Dataset records:
┌──
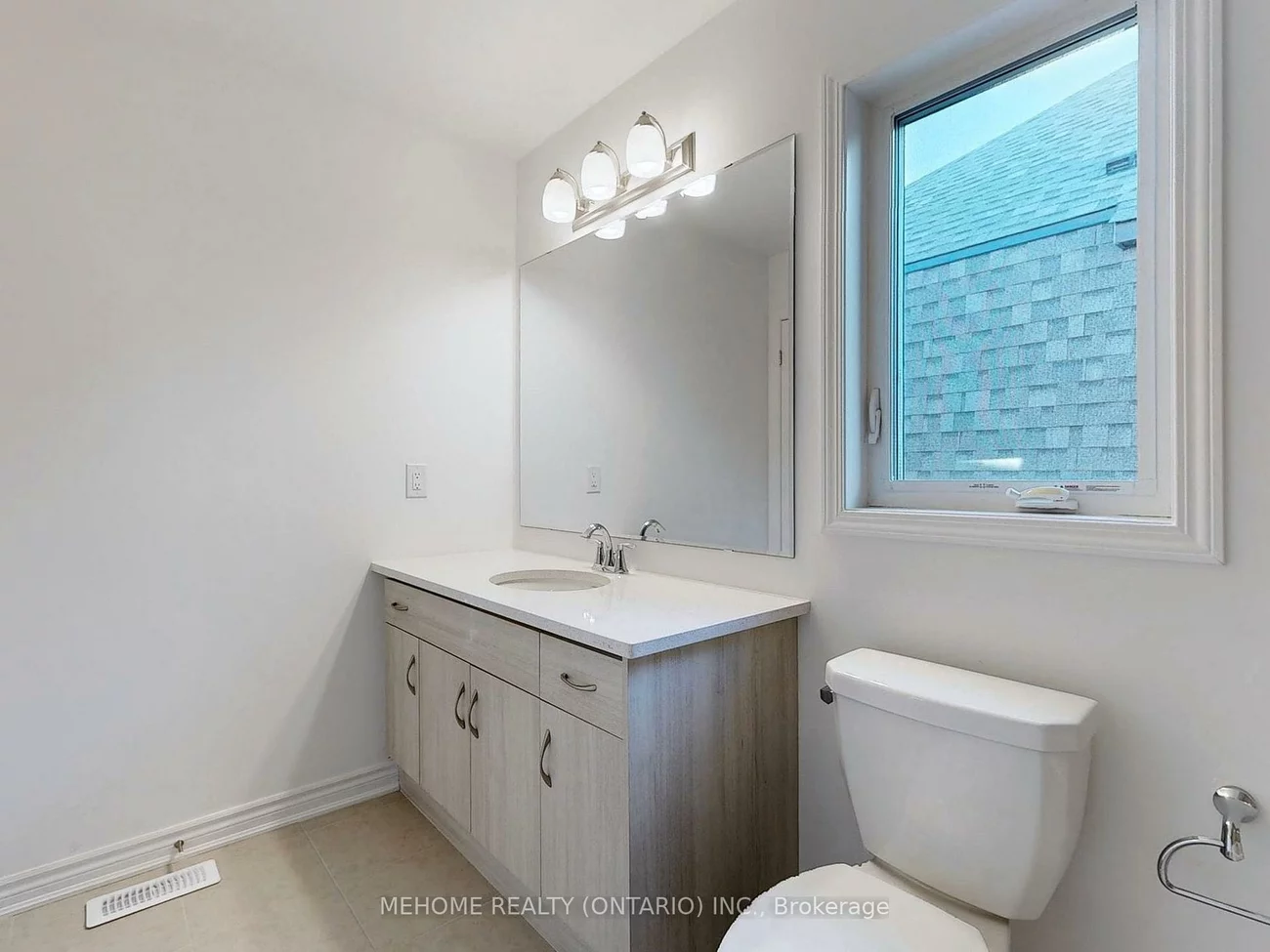 1371, William Halton, 1012 - NW Northwest, Oakville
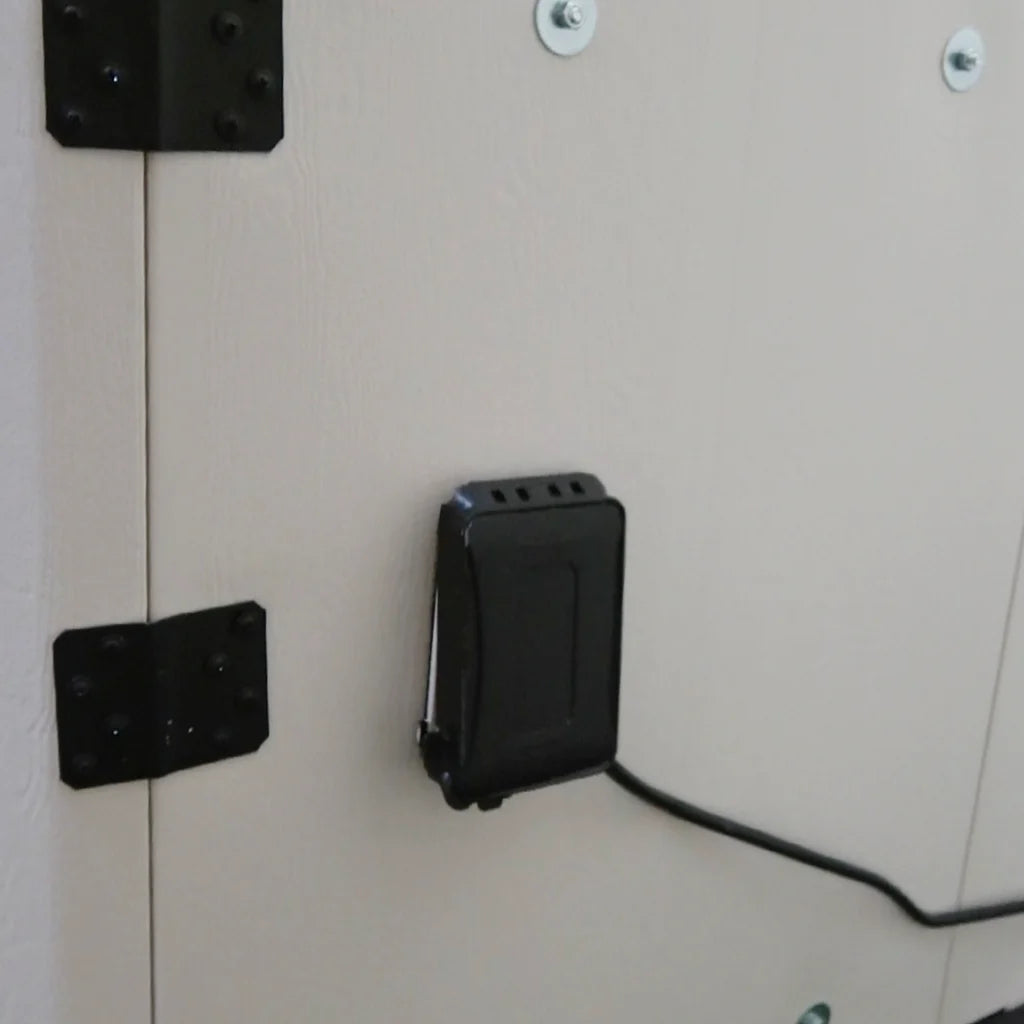Econo Lift with Silver Series 43" or 50" Outdoor TV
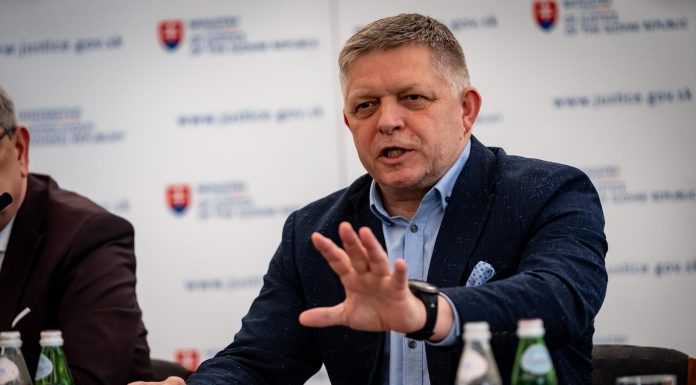 Care sunt țările care blochează zborul lui Robert Fico spre Moscova pentru a participa la parada lui Putin
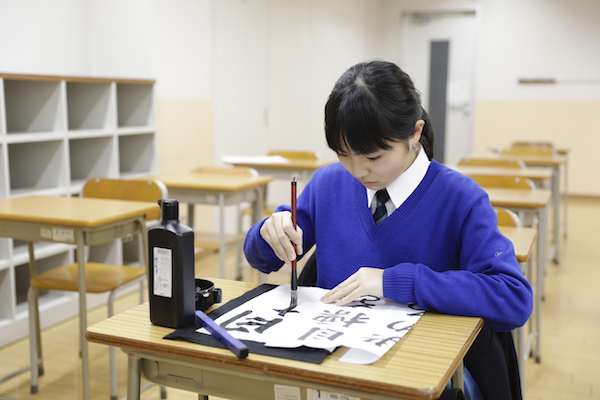 和洋九段_中1で小笠原礼法を、中2では茶道や華道、書道を学び、日本女性としての教養を身につけます。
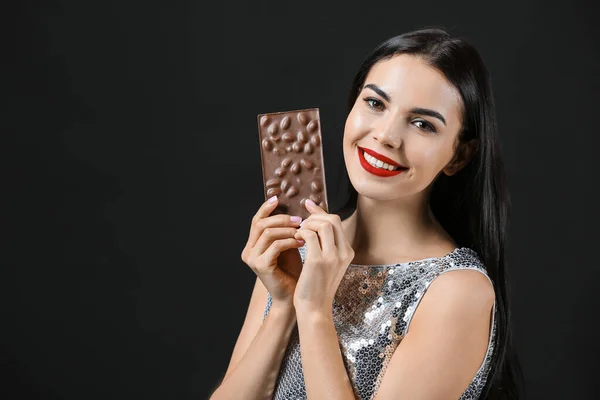 Beautiful Young Woman Chocolate Dark Background — Stock Photo, Image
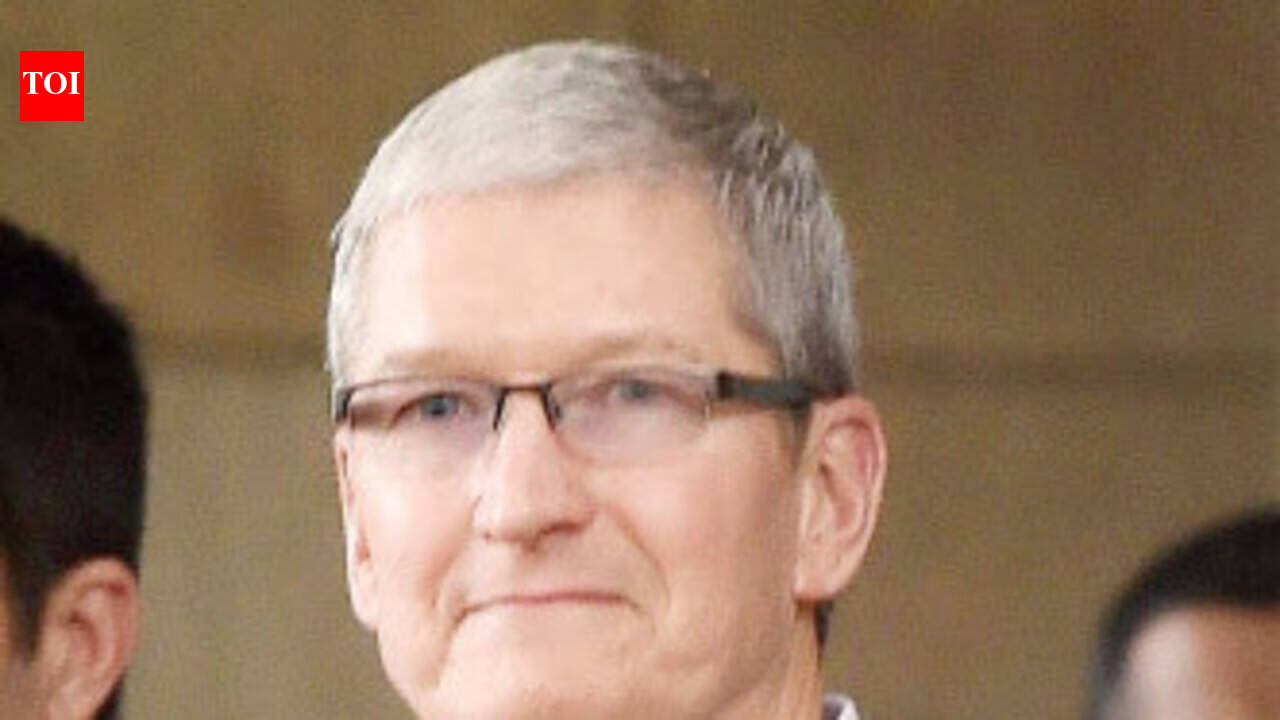 After Bollywood bash, Tim Cook spends day for serious biz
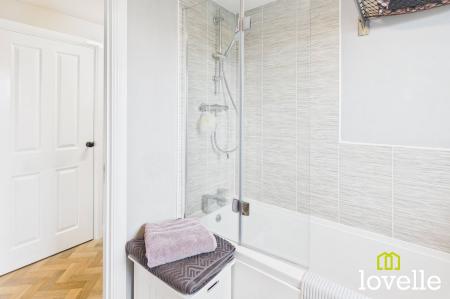 3 bedroom Flat for sale in Jack Harrison Avenue, Cottingham, HU16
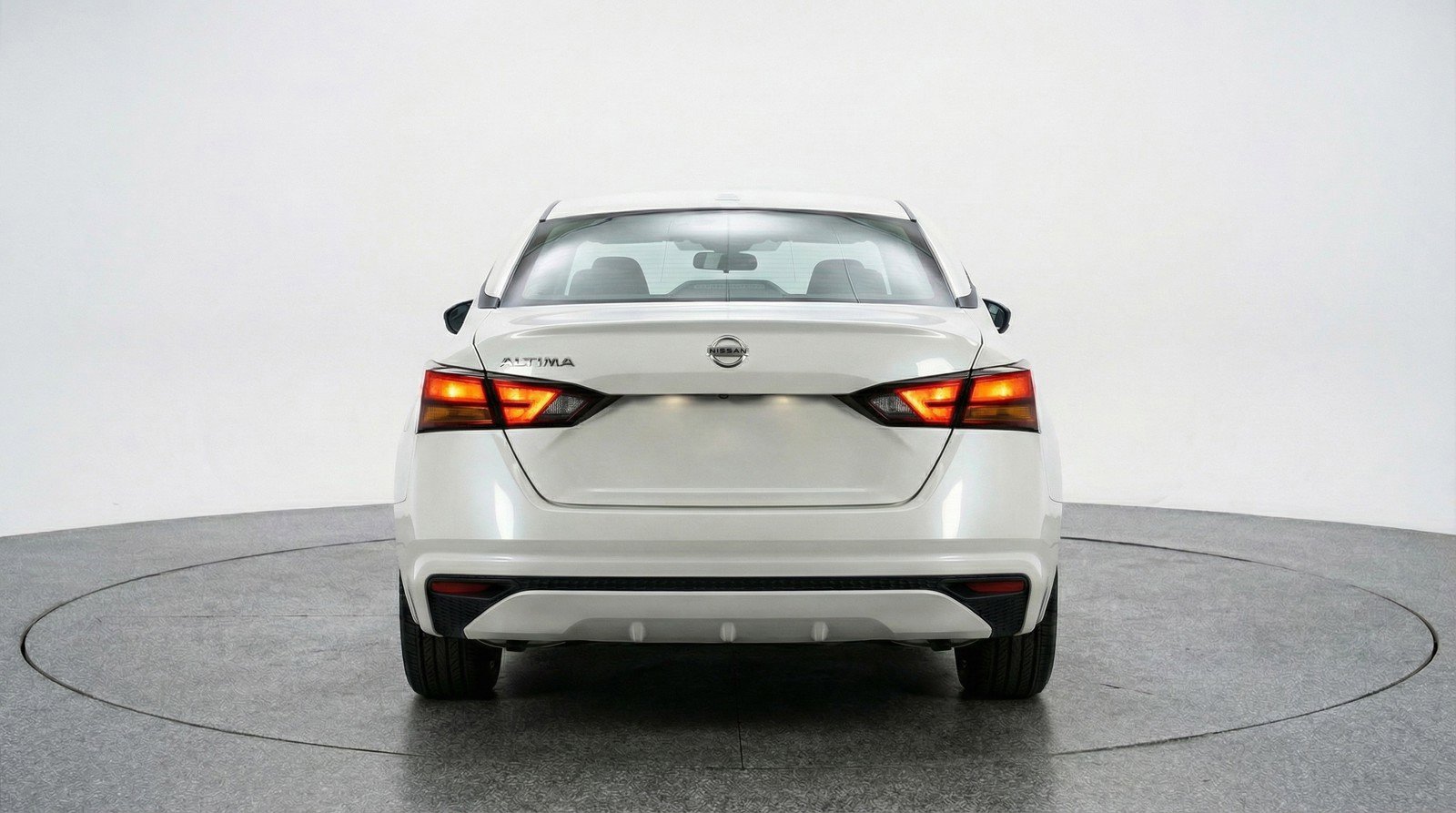 Used 2025 Nissan Altima 2.5 SV FWD image 7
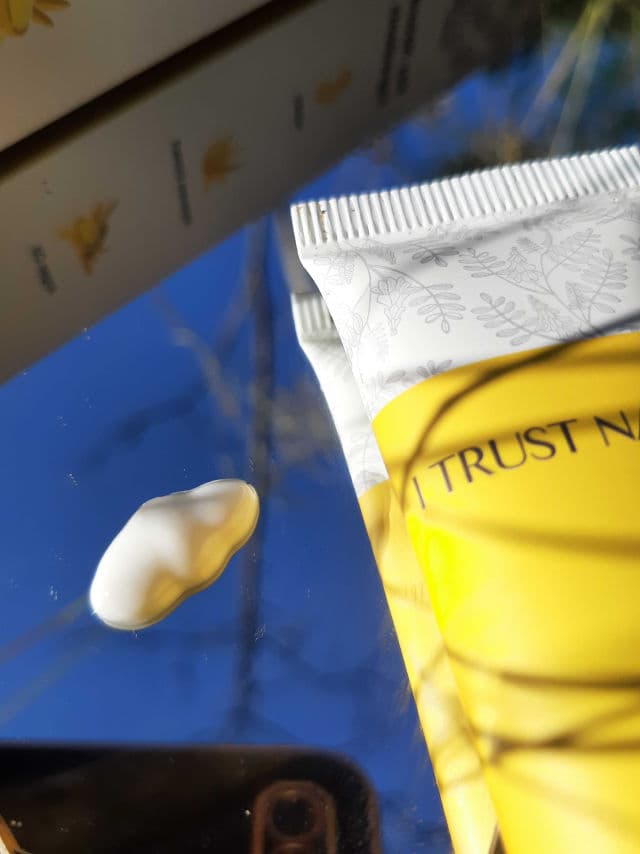 I Trust Nature Honey Sun Protection SPF50+ PA+++ review photo by itsarabella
└──
EXERCISE REQUIREMENTS -> Restate each entry verbatim and skip every image.

EXERCISE ANSWER ->
 1371, William Halton, 1012 - NW Northwest, Oakville
Econo Lift with Silver Series 43" or 50" Outdoor TV
 Care sunt țările care blochează zborul lui Robert Fico spre Moscova pentru a participa la parada lui Putin
 和洋九段_中1で小笠原礼法を、中2では茶道や華道、書道を学び、日本女性としての教養を身につけます。
 Beautiful Young Woman Chocolate Dark Background — Stock Photo, Image
 After Bollywood bash, Tim Cook spends day for serious biz
 3 bedroom Flat for sale in Jack Harrison Avenue, Cottingham, HU16
 Used 2025 Nissan Altima 2.5 SV FWD image 7
 I Trust Nature Honey Sun Protection SPF50+ PA+++ review photo by itsarabella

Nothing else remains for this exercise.